RECORDS TO PROCESS Block Start

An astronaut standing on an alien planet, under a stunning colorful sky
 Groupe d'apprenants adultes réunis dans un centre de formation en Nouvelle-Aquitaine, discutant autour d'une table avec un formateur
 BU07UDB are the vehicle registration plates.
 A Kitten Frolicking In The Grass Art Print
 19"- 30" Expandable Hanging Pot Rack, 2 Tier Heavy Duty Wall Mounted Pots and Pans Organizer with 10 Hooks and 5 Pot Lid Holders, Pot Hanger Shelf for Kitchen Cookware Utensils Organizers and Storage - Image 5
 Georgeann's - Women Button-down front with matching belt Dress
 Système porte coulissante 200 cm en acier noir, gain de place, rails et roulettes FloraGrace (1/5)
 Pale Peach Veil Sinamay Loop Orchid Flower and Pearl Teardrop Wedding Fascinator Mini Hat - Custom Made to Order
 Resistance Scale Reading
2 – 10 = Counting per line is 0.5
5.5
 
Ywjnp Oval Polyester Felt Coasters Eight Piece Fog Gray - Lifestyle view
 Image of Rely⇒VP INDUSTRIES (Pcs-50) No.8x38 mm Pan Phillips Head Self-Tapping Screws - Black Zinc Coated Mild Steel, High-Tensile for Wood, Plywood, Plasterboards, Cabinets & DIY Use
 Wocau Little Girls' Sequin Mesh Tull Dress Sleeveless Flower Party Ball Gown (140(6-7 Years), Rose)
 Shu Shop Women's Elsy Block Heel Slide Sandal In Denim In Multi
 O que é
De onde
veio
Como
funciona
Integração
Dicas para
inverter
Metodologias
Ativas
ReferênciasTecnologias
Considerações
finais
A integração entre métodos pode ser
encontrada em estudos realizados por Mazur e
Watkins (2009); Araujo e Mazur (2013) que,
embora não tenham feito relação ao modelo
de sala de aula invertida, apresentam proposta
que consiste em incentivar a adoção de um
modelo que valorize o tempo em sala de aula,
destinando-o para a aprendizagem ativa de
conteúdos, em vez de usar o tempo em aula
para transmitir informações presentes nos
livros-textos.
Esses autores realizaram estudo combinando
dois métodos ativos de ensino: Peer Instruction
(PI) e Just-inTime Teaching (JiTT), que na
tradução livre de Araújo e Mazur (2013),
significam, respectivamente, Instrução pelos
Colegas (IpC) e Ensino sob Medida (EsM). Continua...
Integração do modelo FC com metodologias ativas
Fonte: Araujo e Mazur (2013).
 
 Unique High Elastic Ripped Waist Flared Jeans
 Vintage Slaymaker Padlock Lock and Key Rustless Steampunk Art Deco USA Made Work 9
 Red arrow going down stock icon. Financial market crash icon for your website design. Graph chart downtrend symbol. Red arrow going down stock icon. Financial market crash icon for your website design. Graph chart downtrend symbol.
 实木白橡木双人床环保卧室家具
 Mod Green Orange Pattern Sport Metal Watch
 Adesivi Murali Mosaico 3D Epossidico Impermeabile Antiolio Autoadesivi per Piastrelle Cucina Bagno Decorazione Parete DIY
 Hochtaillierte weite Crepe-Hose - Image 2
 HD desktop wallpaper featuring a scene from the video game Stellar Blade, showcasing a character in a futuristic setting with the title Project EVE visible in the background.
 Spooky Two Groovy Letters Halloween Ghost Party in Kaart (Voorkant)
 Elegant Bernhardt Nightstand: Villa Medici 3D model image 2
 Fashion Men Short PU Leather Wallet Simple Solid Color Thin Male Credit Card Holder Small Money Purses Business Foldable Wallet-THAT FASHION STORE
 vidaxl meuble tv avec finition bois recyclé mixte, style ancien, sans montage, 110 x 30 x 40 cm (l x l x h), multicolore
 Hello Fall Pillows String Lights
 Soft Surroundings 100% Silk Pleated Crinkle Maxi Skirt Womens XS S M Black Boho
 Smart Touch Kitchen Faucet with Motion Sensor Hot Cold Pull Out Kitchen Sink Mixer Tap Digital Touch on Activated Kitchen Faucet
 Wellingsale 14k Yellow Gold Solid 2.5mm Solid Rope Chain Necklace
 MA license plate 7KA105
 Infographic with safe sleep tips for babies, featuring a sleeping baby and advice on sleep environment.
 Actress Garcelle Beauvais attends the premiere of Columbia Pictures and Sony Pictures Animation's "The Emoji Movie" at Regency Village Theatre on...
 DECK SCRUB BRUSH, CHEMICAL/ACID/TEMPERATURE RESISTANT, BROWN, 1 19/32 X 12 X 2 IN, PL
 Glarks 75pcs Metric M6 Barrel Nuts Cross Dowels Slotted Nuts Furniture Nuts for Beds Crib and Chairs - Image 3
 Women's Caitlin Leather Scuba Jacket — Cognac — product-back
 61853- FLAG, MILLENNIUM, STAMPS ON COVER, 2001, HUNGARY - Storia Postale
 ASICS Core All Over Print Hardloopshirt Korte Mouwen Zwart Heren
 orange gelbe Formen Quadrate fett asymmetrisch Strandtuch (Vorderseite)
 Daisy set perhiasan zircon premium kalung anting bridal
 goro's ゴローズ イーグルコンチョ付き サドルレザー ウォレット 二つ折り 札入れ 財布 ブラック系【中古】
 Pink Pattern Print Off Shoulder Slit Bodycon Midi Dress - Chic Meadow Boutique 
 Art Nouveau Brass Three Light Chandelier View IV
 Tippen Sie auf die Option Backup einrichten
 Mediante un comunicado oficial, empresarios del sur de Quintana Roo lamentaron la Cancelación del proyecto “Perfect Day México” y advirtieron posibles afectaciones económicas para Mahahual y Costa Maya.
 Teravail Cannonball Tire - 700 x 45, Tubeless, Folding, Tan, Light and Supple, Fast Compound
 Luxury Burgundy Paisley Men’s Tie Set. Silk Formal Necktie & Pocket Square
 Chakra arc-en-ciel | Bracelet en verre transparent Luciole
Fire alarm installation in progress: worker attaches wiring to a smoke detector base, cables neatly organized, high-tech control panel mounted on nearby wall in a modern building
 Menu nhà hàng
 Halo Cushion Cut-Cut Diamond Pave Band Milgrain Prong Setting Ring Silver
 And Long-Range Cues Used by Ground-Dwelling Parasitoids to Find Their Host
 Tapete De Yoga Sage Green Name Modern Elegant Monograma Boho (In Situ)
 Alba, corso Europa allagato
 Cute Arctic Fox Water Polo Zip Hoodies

RECORDS TO PROCESS Block End

## YOUR GOAL
Once you have read the listing, copy it out exactly.

## THE COMPLETED TASK
An astronaut standing on an alien planet, under a stunning colorful sky
 Groupe d'apprenants adultes réunis dans un centre de formation en Nouvelle-Aquitaine, discutant autour d'une table avec un formateur
 BU07UDB are the vehicle registration plates.
 A Kitten Frolicking In The Grass Art Print
 19"- 30" Expandable Hanging Pot Rack, 2 Tier Heavy Duty Wall Mounted Pots and Pans Organizer with 10 Hooks and 5 Pot Lid Holders, Pot Hanger Shelf for Kitchen Cookware Utensils Organizers and Storage - Image 5
 Georgeann's - Women Button-down front with matching belt Dress
 Système porte coulissante 200 cm en acier noir, gain de place, rails et roulettes FloraGrace (1/5)
 Pale Peach Veil Sinamay Loop Orchid Flower and Pearl Teardrop Wedding Fascinator Mini Hat - Custom Made to Order
 Resistance Scale Reading
2 – 10 = Counting per line is 0.5
5.5
 
Ywjnp Oval Polyester Felt Coasters Eight Piece Fog Gray - Lifestyle view
 Image of Rely⇒VP INDUSTRIES (Pcs-50) No.8x38 mm Pan Phillips Head Self-Tapping Screws - Black Zinc Coated Mild Steel, High-Tensile for Wood, Plywood, Plasterboards, Cabinets & DIY Use
 Wocau Little Girls' Sequin Mesh Tull Dress Sleeveless Flower Party Ball Gown (140(6-7 Years), Rose)
 Shu Shop Women's Elsy Block Heel Slide Sandal In Denim In Multi
 O que é
De onde
veio
Como
funciona
Integração
Dicas para
inverter
Metodologias
Ativas
ReferênciasTecnologias
Considerações
finais
A integração entre métodos pode ser
encontrada em estudos realizados por Mazur e
Watkins (2009); Araujo e Mazur (2013) que,
embora não tenham feito relação ao modelo
de sala de aula invertida, apresentam proposta
que consiste em incentivar a adoção de um
modelo que valorize o tempo em sala de aula,
destinando-o para a aprendizagem ativa de
conteúdos, em vez de usar o tempo em aula
para transmitir informações presentes nos
livros-textos.
Esses autores realizaram estudo combinando
dois métodos ativos de ensino: Peer Instruction
(PI) e Just-inTime Teaching (JiTT), que na
tradução livre de Araújo e Mazur (2013),
significam, respectivamente, Instrução pelos
Colegas (IpC) e Ensino sob Medida (EsM). Continua...
Integração do modelo FC com metodologias ativas
Fonte: Araujo e Mazur (2013).
 
 Unique High Elastic Ripped Waist Flared Jeans
 Vintage Slaymaker Padlock Lock and Key Rustless Steampunk Art Deco USA Made Work 9
 Red arrow going down stock icon. Financial market crash icon for your website design. Graph chart downtrend symbol. Red arrow going down stock icon. Financial market crash icon for your website design. Graph chart downtrend symbol.
 实木白橡木双人床环保卧室家具
 Mod Green Orange Pattern Sport Metal Watch
 Adesivi Murali Mosaico 3D Epossidico Impermeabile Antiolio Autoadesivi per Piastrelle Cucina Bagno Decorazione Parete DIY
 Hochtaillierte weite Crepe-Hose - Image 2
 HD desktop wallpaper featuring a scene from the video game Stellar Blade, showcasing a character in a futuristic setting with the title Project EVE visible in the background.
 Spooky Two Groovy Letters Halloween Ghost Party in Kaart (Voorkant)
 Elegant Bernhardt Nightstand: Villa Medici 3D model image 2
 Fashion Men Short PU Leather Wallet Simple Solid Color Thin Male Credit Card Holder Small Money Purses Business Foldable Wallet-THAT FASHION STORE
 vidaxl meuble tv avec finition bois recyclé mixte, style ancien, sans montage, 110 x 30 x 40 cm (l x l x h), multicolore
 Hello Fall Pillows String Lights
 Soft Surroundings 100% Silk Pleated Crinkle Maxi Skirt Womens XS S M Black Boho
 Smart Touch Kitchen Faucet with Motion Sensor Hot Cold Pull Out Kitchen Sink Mixer Tap Digital Touch on Activated Kitchen Faucet
 Wellingsale 14k Yellow Gold Solid 2.5mm Solid Rope Chain Necklace
 MA license plate 7KA105
 Infographic with safe sleep tips for babies, featuring a sleeping baby and advice on sleep environment.
 Actress Garcelle Beauvais attends the premiere of Columbia Pictures and Sony Pictures Animation's "The Emoji Movie" at Regency Village Theatre on...
 DECK SCRUB BRUSH, CHEMICAL/ACID/TEMPERATURE RESISTANT, BROWN, 1 19/32 X 12 X 2 IN, PL
 Glarks 75pcs Metric M6 Barrel Nuts Cross Dowels Slotted Nuts Furniture Nuts for Beds Crib and Chairs - Image 3
 Women's Caitlin Leather Scuba Jacket — Cognac — product-back
 61853- FLAG, MILLENNIUM, STAMPS ON COVER, 2001, HUNGARY - Storia Postale
 ASICS Core All Over Print Hardloopshirt Korte Mouwen Zwart Heren
 orange gelbe Formen Quadrate fett asymmetrisch Strandtuch (Vorderseite)
 Daisy set perhiasan zircon premium kalung anting bridal
 goro's ゴローズ イーグルコンチョ付き サドルレザー ウォレット 二つ折り 札入れ 財布 ブラック系【中古】
 Pink Pattern Print Off Shoulder Slit Bodycon Midi Dress - Chic Meadow Boutique 
 Art Nouveau Brass Three Light Chandelier View IV
 Tippen Sie auf die Option Backup einrichten
 Mediante un comunicado oficial, empresarios del sur de Quintana Roo lamentaron la Cancelación del proyecto “Perfect Day México” y advirtieron posibles afectaciones económicas para Mahahual y Costa Maya.
 Teravail Cannonball Tire - 700 x 45, Tubeless, Folding, Tan, Light and Supple, Fast Compound
 Luxury Burgundy Paisley Men’s Tie Set. Silk Formal Necktie & Pocket Square
 Chakra arc-en-ciel | Bracelet en verre transparent Luciole
Fire alarm installation in progress: worker attaches wiring to a smoke detector base, cables neatly organized, high-tech control panel mounted on nearby wall in a modern building
 Menu nhà hàng
 Halo Cushion Cut-Cut Diamond Pave Band Milgrain Prong Setting Ring Silver
 And Long-Range Cues Used by Ground-Dwelling Parasitoids to Find Their Host
 Tapete De Yoga Sage Green Name Modern Elegant Monograma Boho (In Situ)
 Alba, corso Europa allagato
 Cute Arctic Fox Water Polo Zip Hoodies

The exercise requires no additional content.